第8章 響かせろ、もっと遠くまで
炎柱様はその時の弟さんの顔を思い出しているのか、なんとも楽しげな表情をしていた。
「…っ…そういうのを…平気で他人に話すのはやめてください!」
私が半ば怒鳴るようにそう言うと、炎柱様は僅かにムッとした表情を見せ
「荒山。千寿郎は他人ではない。俺の大切な弟だ」
そう言った。
「…っわかってますよそんなの!そういう意味で言ったんじゃありませんから!炎柱様にとって弟さんがいかに大切な存在か…わかってるからあんなに必死になって上弦ノ参と戦ったんです!もう!炎柱様は本当に…話が通じない時が多すぎます!察しがいいのか悪いのか…全然わかりません!」
「そんなことはない!自分で言うのもおかしな話ではあるが、俺は人の感情の機微には敏感だ。

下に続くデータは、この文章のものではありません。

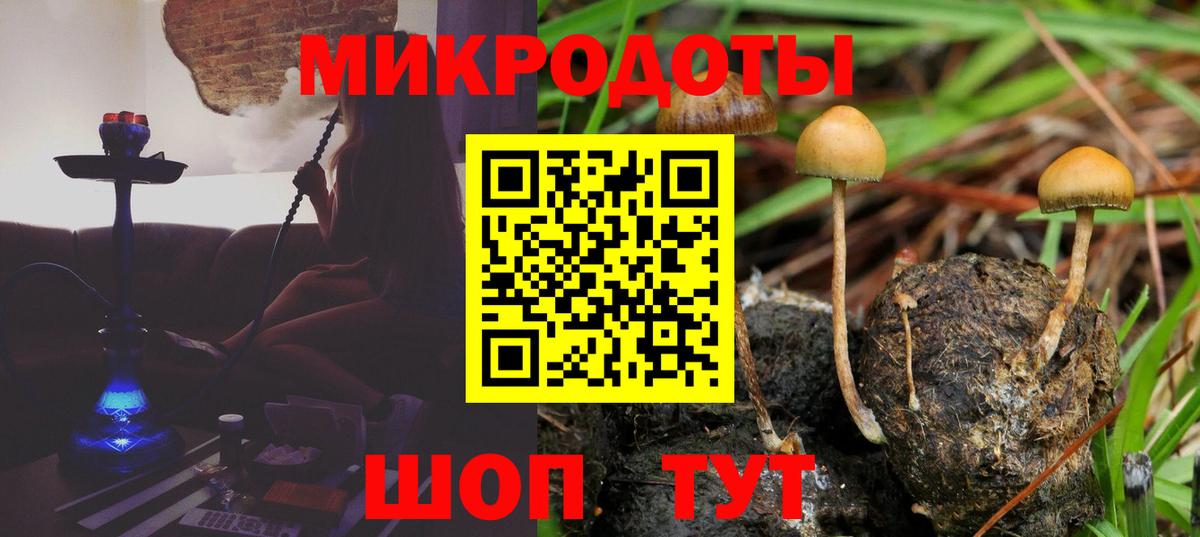 Псилоцибиновые грибы Magic Shrooms Гусиноозёрск
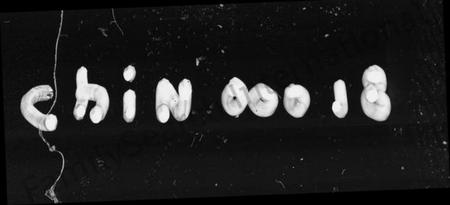 湖南胡氏族谱-浮邱紫陵胡氏五谱 [5卷,首2卷].pdf电子版预览图1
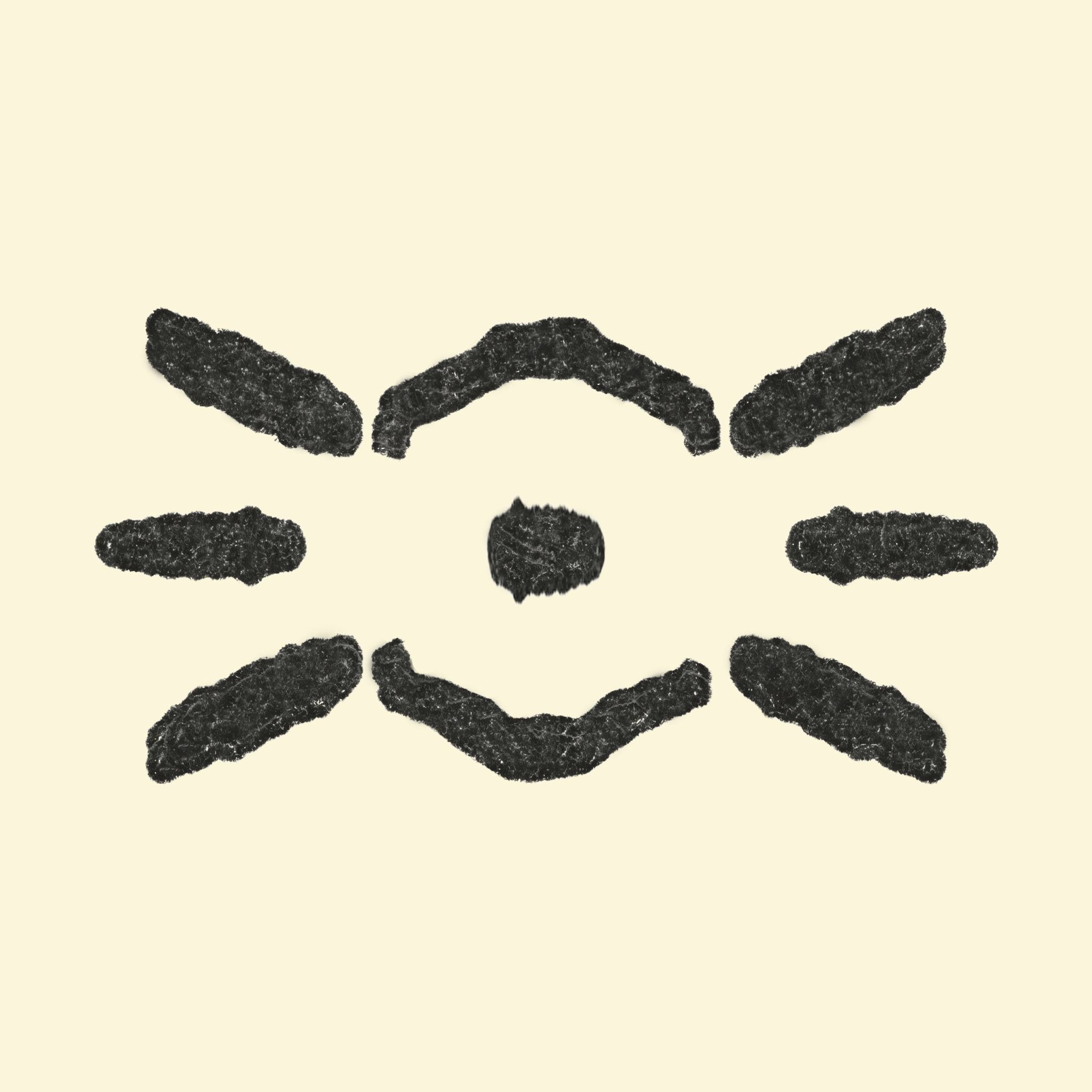 Sunidaze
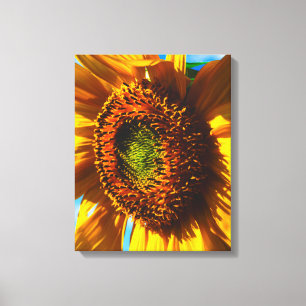 Lienzo Cierre de un girasol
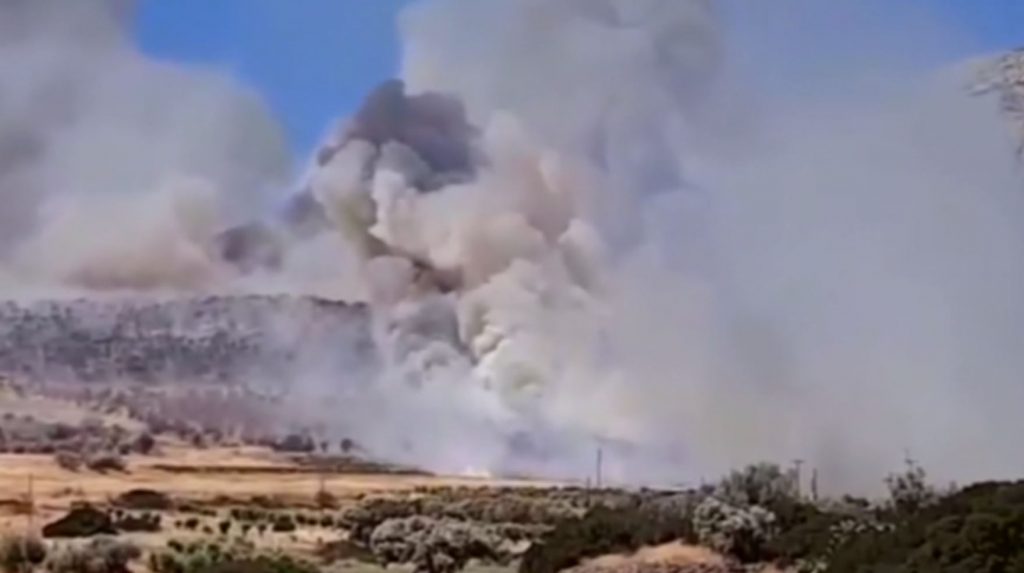 Ανάβυσσος: Φωτιά στην Φέριζα Σαρωνικού – Δίπλα σε σπίτια οι φλόγες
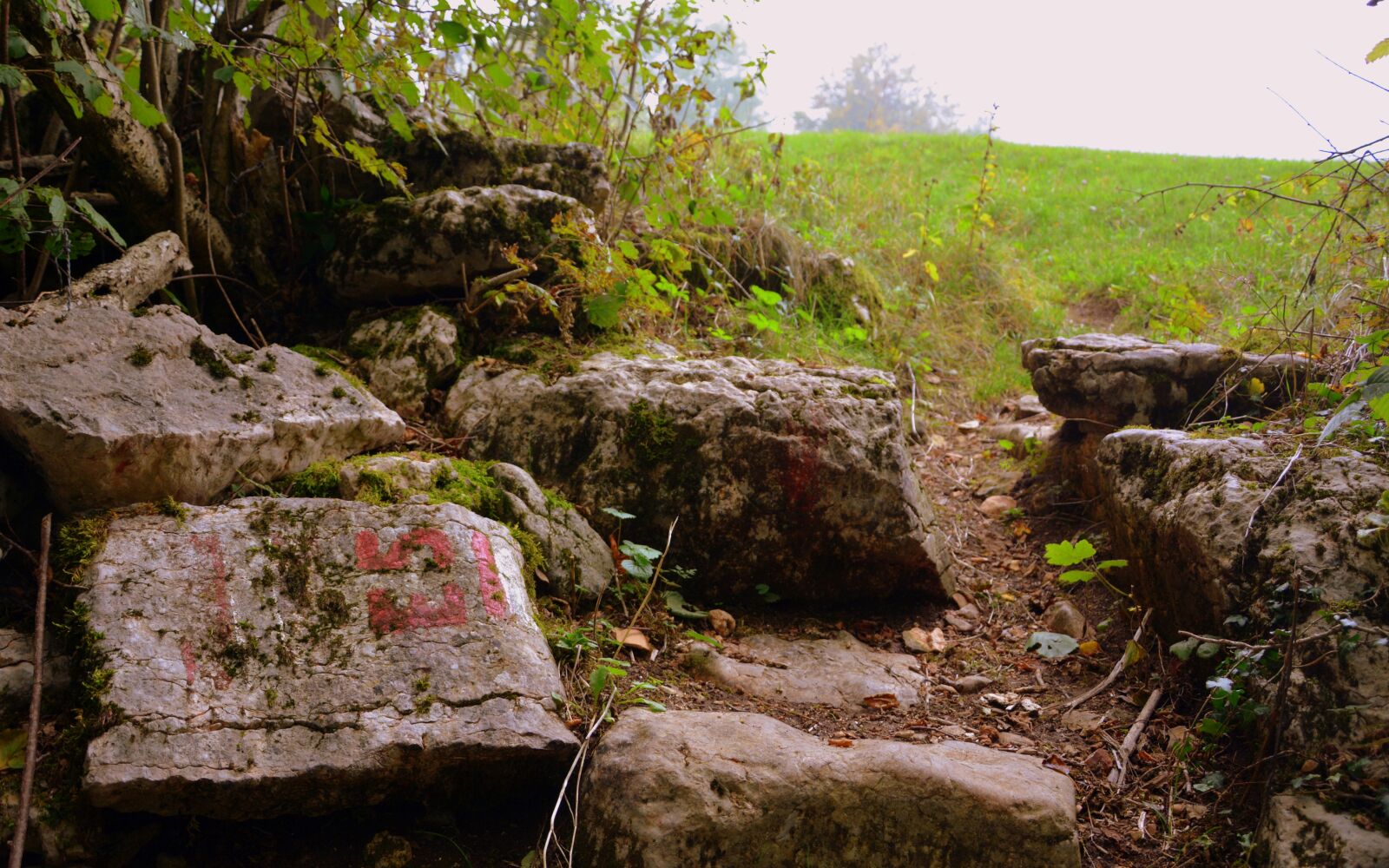 Nikon D7100 sample photo. Stones, the european path photography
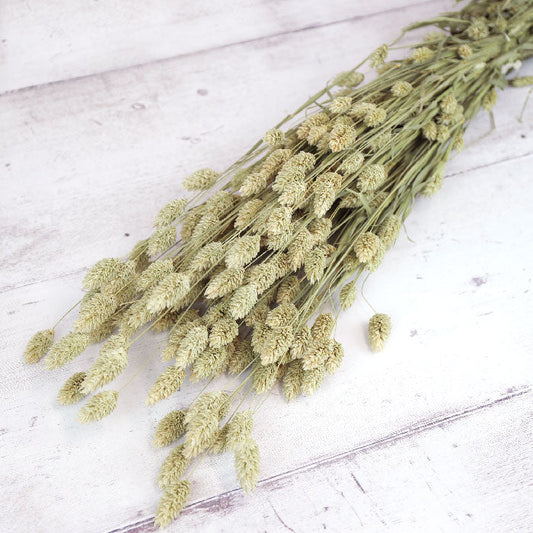 Phalaris Bunch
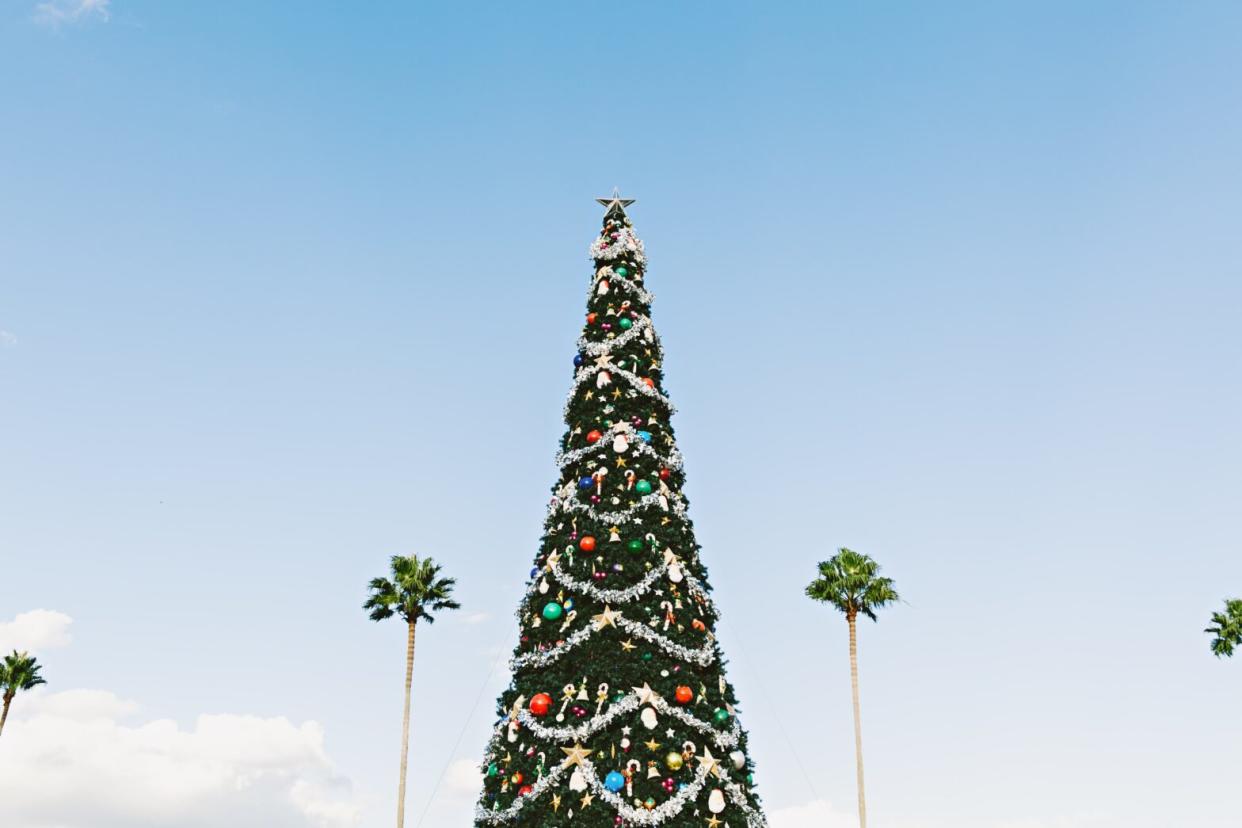 Hawaii is one of the best destinations to visit for a holiday getaway. Pictured: a decorated Christmas tree surrounded by clear blue sky and palm trees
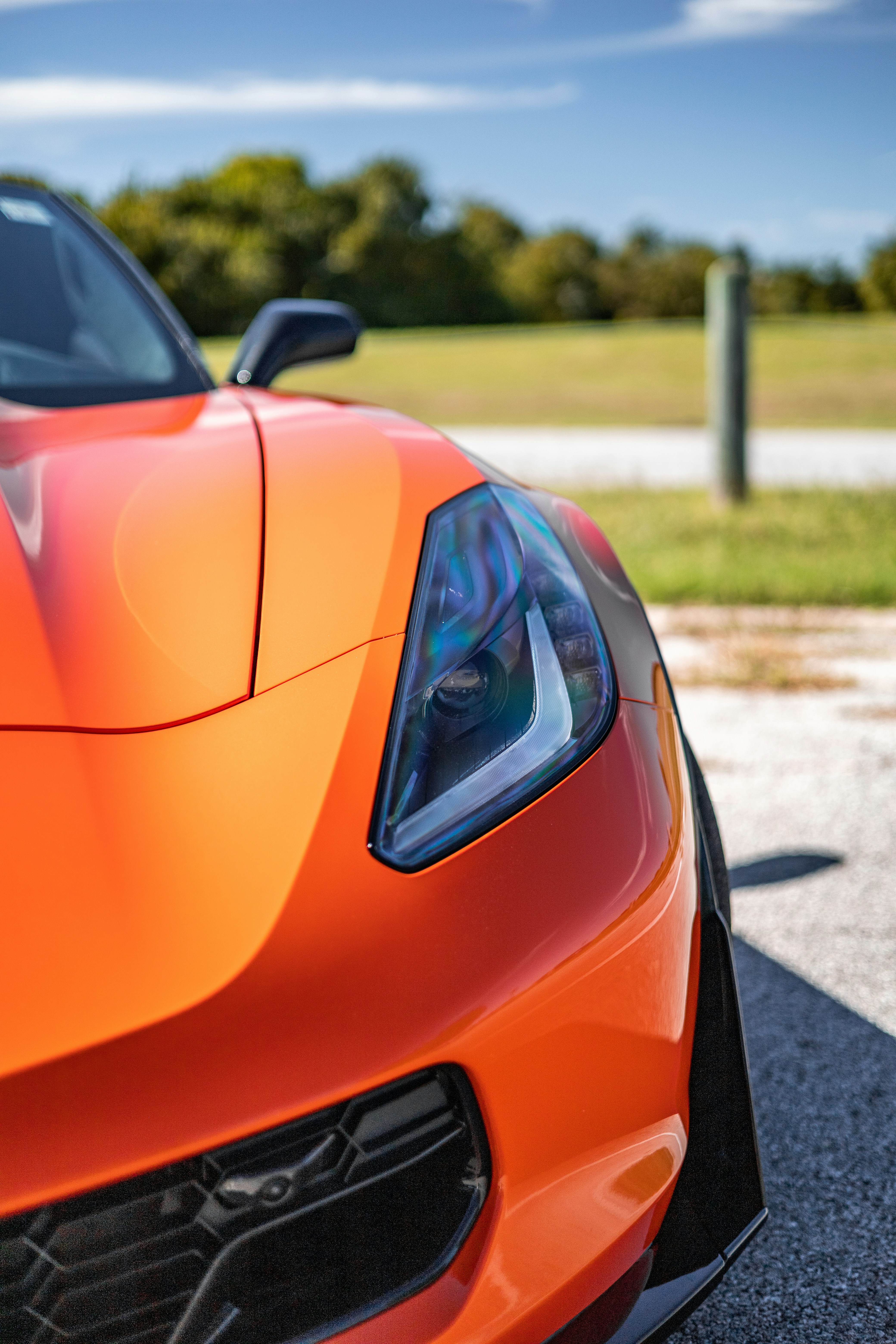 Photo by lonestarexotic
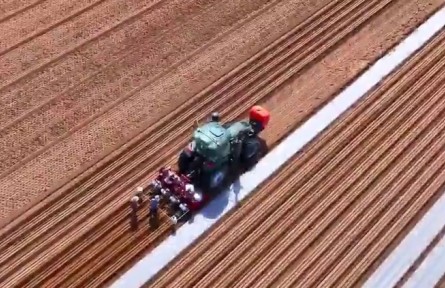 陜西榆林：強龍頭延鏈條 加快現(xiàn)代農(nóng)業(yè)全產(chǎn)業(yè)鏈建設(shè)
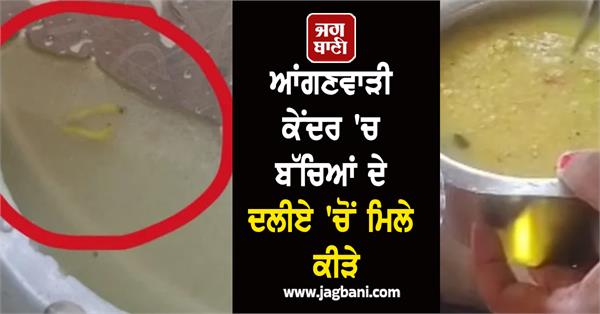 insects found in children s porridge in anganwadi center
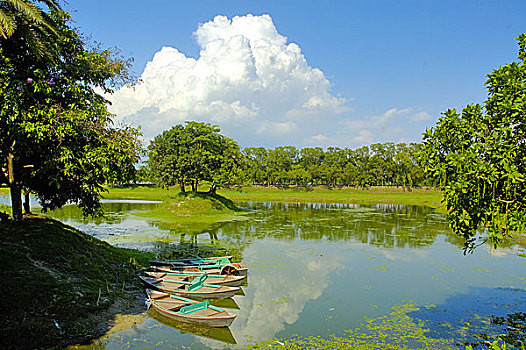 风景,孟加拉,五月,2007年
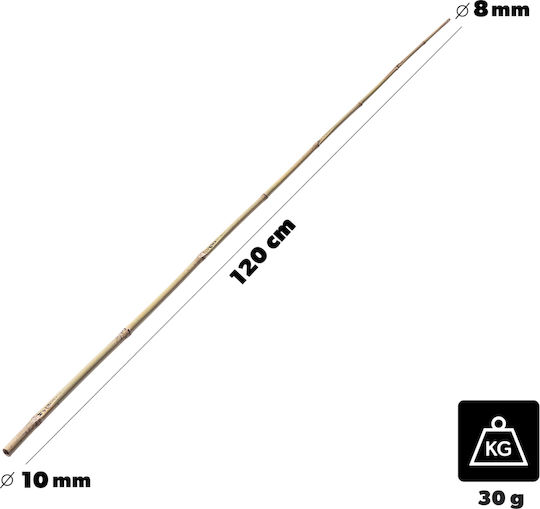 Kadax Araci Din Bambus Pentru Grădină 120 Cm X 8–10 Mm 10 Bucăți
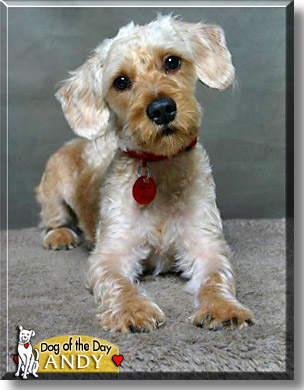 Andy, the Dog of the Day
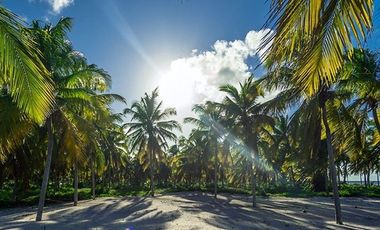 TERRENO ENTRE TELCHAC Y SAN CRISANTO PLAYA COCOS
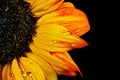 Orange sunflower with raindrops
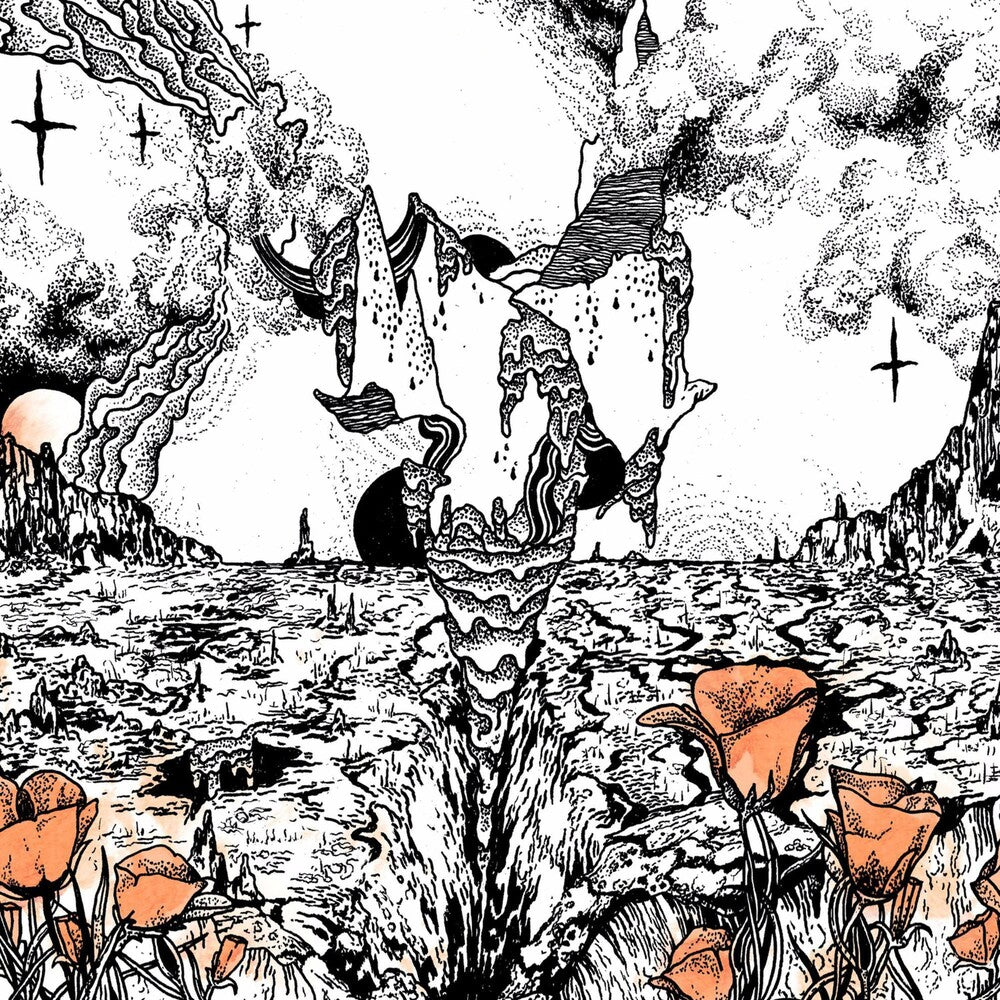 the album cover for Evolfo - Last Of The Acid Cowboys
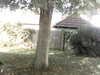 20200920-MOVI0045-frame0001.jpg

だから荒山…」
炎柱様は一旦言葉を切り、私の目を、まるで奥深くまでのぞき込んでくるかのようにじっと見てきた。
「…っ…なんでしょう」
やめて。そんな目で…私のことを見ないで。
気持ちが…止められなくなっちゃう…。
そう思いながらも、私はその炎のように熱く、綺麗な目から視線を逸らせずにいた。そして
「君の俺に対する気持ちの変化も…わかっているつもりだ」
「…っ…」
そう言われてしまい、どうしていいかわからず、隊服のズボンをぎゅっと握りしめた。
”私の炎柱様に対する気持ちの変化”
それはつまり
”苦手と思っていた炎柱様に、好意を抱いてしまっている”
ということしか考えられない。
どうしてばれてしまったのか?
そんな馬鹿なことは思っていない。自分でも、自分の気持ちが態度に出てしまっていることに自覚があった。
以前は張り付けた外行きの笑顔を浮かべていたのに。確かにそれが出来たのに。炎柱様を好きだと思ってしまったあの時から、私はもう炎柱様の前でそれが出来ない。見つめられると、声を聴くと、触れられると、顔が、頬が熱くなり、いつもの自分でなくなってしまう。